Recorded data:
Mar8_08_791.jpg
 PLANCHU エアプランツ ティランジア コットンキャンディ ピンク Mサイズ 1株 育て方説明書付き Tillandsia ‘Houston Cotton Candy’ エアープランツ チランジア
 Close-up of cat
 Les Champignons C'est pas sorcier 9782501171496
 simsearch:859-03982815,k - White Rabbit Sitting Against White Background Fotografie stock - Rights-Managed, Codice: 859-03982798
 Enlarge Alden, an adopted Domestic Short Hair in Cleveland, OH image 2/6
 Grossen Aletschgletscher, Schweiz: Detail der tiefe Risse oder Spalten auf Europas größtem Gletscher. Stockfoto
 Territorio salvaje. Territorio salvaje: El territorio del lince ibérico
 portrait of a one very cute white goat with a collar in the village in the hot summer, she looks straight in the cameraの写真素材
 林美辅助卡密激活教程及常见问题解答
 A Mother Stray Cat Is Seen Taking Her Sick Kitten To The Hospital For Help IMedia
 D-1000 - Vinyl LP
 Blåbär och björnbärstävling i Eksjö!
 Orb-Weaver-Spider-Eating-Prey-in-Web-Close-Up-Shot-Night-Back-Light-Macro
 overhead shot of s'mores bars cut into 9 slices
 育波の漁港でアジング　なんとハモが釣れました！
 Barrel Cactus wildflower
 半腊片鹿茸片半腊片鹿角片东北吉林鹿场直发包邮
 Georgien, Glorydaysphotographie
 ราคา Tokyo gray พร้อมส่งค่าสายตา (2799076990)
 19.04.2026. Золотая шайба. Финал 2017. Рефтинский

### WHAT YOU NEED TO DO
Go through the records above and copy each one exactly.

### RESULT BELOW
Mar8_08_791.jpg
 PLANCHU エアプランツ ティランジア コットンキャンディ ピンク Mサイズ 1株 育て方説明書付き Tillandsia ‘Houston Cotton Candy’ エアープランツ チランジア
 Close-up of cat
 Les Champignons C'est pas sorcier 9782501171496
 simsearch:859-03982815,k - White Rabbit Sitting Against White Background Fotografie stock - Rights-Managed, Codice: 859-03982798
 Enlarge Alden, an adopted Domestic Short Hair in Cleveland, OH image 2/6
 Grossen Aletschgletscher, Schweiz: Detail der tiefe Risse oder Spalten auf Europas größtem Gletscher. Stockfoto
 Territorio salvaje. Territorio salvaje: El territorio del lince ibérico
 portrait of a one very cute white goat with a collar in the village in the hot summer, she looks straight in the cameraの写真素材
 林美辅助卡密激活教程及常见问题解答
 A Mother Stray Cat Is Seen Taking Her Sick Kitten To The Hospital For Help IMedia
 D-1000 - Vinyl LP
 Blåbär och björnbärstävling i Eksjö!
 Orb-Weaver-Spider-Eating-Prey-in-Web-Close-Up-Shot-Night-Back-Light-Macro
 overhead shot of s'mores bars cut into 9 slices
 育波の漁港でアジング　なんとハモが釣れました！
 Barrel Cactus wildflower
 半腊片鹿茸片半腊片鹿角片东北吉林鹿场直发包邮
 Georgien, Glorydaysphotographie
 ราคา Tokyo gray พร้อมส่งค่าสายตา (2799076990)
 19.04.2026. Золотая шайба. Финал 2017. Рефтинский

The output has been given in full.